JAKARTA (voa-islam.com)- Wakil Ketua DPR RI, Fahri Hamzah kembali menyoroti penyelenggara Pemilu. Kata dia, ada kesan bahwa penyelenggara menyuruh para kontestan untuk berlaku curang.
Kesan saya, penyelenggara pemilu bilang gini, ‘Salah sendiri gak curang, pemilu ini memang di-disain curang kok, silahkan curang sebesar-besarnya dan kecurangan yang tidak bisa dibuktikan akan menjadi kemenangan yang sah. Selama gugatan tidak mengurangi angka curang maka sia-sia saja!’” demikian cuitannya, Rabu (15/5/2019).
Sebagai orang yg memutuskan tidak ikut kompetisi tahun ini, ia mengaku mendengar tentang massifnya kecurangan di pemilu kali ini. Hal ini ia akui didengar bukan saja dari yang kalah tapi juga dari yang memang.
“Tapi penyelenggara pemilu tidak menerimanya dengan keprihatinan. Dulu ada kecurangan, retail dan kecil, diam-diam dan hanya buah bibir.”
Sekarang, lanjut dia, kecurangan telah kita peringatkan tapi didiamkan, mulai dari rekayasa DPT, manipulasi pencoblosan sampai sulap menyulap rekap suara.
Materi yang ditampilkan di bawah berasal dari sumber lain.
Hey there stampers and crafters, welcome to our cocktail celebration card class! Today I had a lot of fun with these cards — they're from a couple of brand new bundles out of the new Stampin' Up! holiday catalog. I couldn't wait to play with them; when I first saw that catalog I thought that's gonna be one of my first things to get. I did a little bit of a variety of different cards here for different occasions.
Sikap penyelenggara pemilu sama, memuji diri sendiri dengan segala cara.
“Masih ada waktu untuk bersikap arif dan bIjaksana; paling tidak, sudilah mendengar apa adanya, akuilah kelemahan dan mau membentuk tim investigasi bersama agar hasil pemilu ini bersih dan legitimate diterima oleh semua pihak dan melahirkan pemimpin berwibawa dan terhormat.”
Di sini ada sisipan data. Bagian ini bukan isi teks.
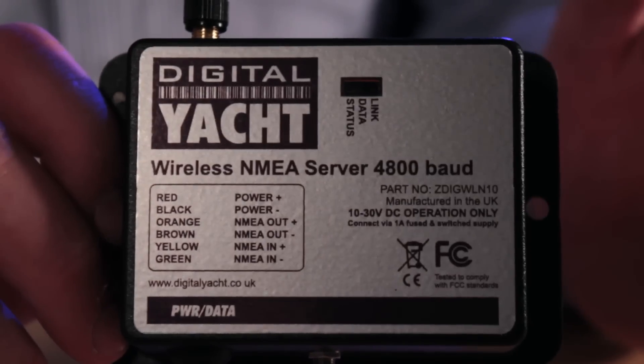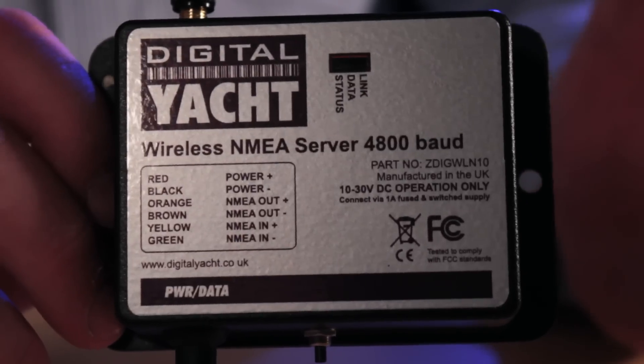Hi, it's Nick again from Digital Yacht with an update on one of our best-selling products, the WLN10. The WLN10 is a NMEA 0183 to Wi-Fi server, so it takes a boat's NMEA data and transfers it across a Wi-Fi network to a compatible iPhone or iPad.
Sikap penyelenggara pemilu yang mau menang sendiri sekarang ini ia khawatirkan akan menyebabkan lahirnya goncangan di tengah publik. Tidak ada yang tampil menjawab kegelisahan publik.
“Yang banyak adalah yang membela diri secara berlebihan bahkan mengancam yang bertanya. Nanti kalau kegelisahan ini menjadi bara api yang menyebar, kesadaran kita terlambat sudah. Janganlah sampai kiranya.”
Penyelenggara pemilu dan pemerintah sebagai penanggungjawab diingatkan olehnya jangan menghadapi masyarakat dengan ancaman dan senjata. Berbahaya. Radikalisasi di depan mata.
“Pada massa (crowd) itu, hukum kekekalan energi juga berlaku. Energi masyarakat itu ada untuk disalurkan karena ia tidak bisa dimusnahkan atau diciptakan.” Semakin keras ditekan, kata Fahri, maka ia akan melawan tapi jika disalurkan ia mengalir memberi manfaat. Sekarang publik dinilainya merasa ditekan.
“Bisakah penyelenggara pemilu mengubah mentalitasnya dari yang menolak menjadi yang menerima? Bisakah semua yang bertugas justru datang dengan keterbukaan dan mempersilahkan semua bicara dan mendapat jawaban memuaskan?“
Kalau tidak, ia menyumbat. Dan bisa meledak.